→ About this exercise
Omit all pictures and transcribe only the lines in the entries below that run from the line with "From left to" through the line with "德宏小程序开发行业应用科普：零售餐饮与教育场景".

→ Supplied material
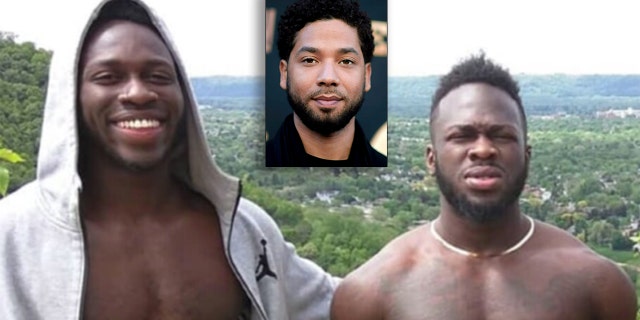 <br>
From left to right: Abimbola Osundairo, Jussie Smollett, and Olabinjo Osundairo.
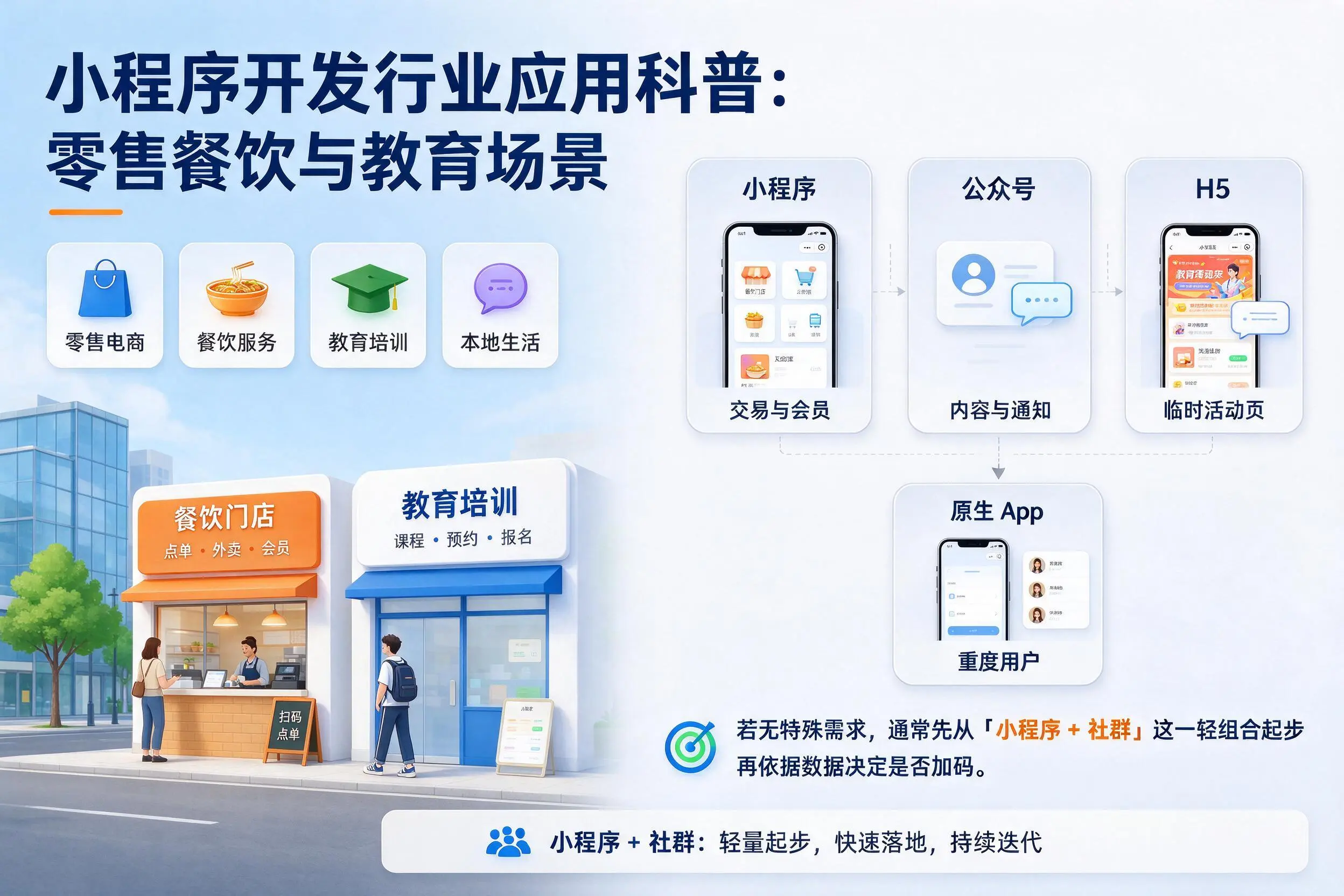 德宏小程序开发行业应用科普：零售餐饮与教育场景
---
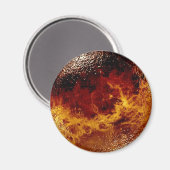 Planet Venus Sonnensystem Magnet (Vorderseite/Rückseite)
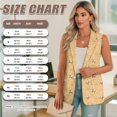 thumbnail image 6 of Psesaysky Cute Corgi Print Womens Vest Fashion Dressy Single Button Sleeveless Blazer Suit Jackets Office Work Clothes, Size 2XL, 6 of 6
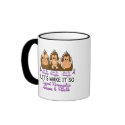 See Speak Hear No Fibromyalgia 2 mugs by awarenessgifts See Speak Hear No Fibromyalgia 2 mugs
--
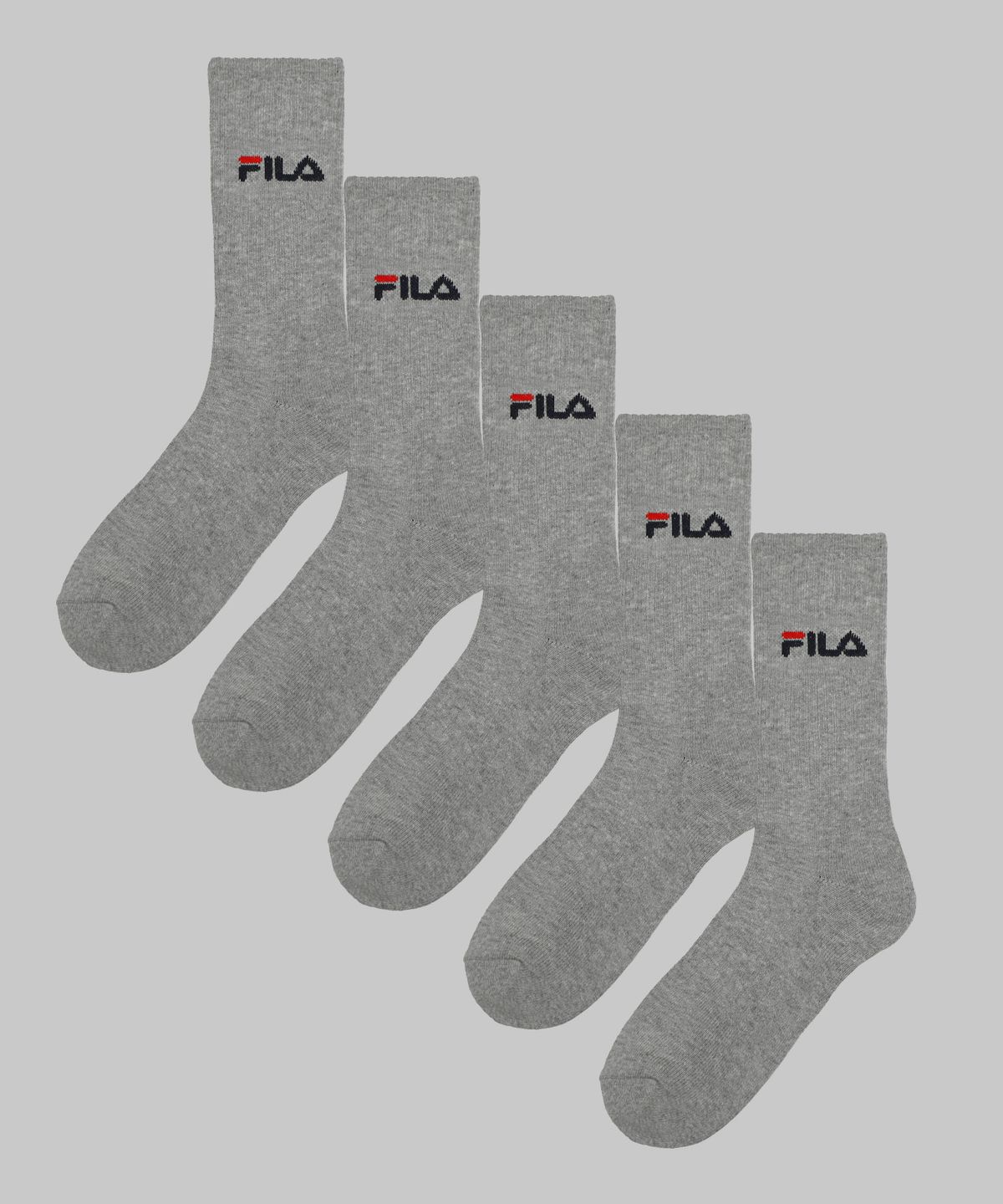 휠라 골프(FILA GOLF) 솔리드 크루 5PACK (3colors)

→ Reply to the task
From left to right: Abimbola Osundairo, Jussie Smollett, and Olabinjo Osundairo.
 德宏小程序开发行业应用科普：零售餐饮与教育场景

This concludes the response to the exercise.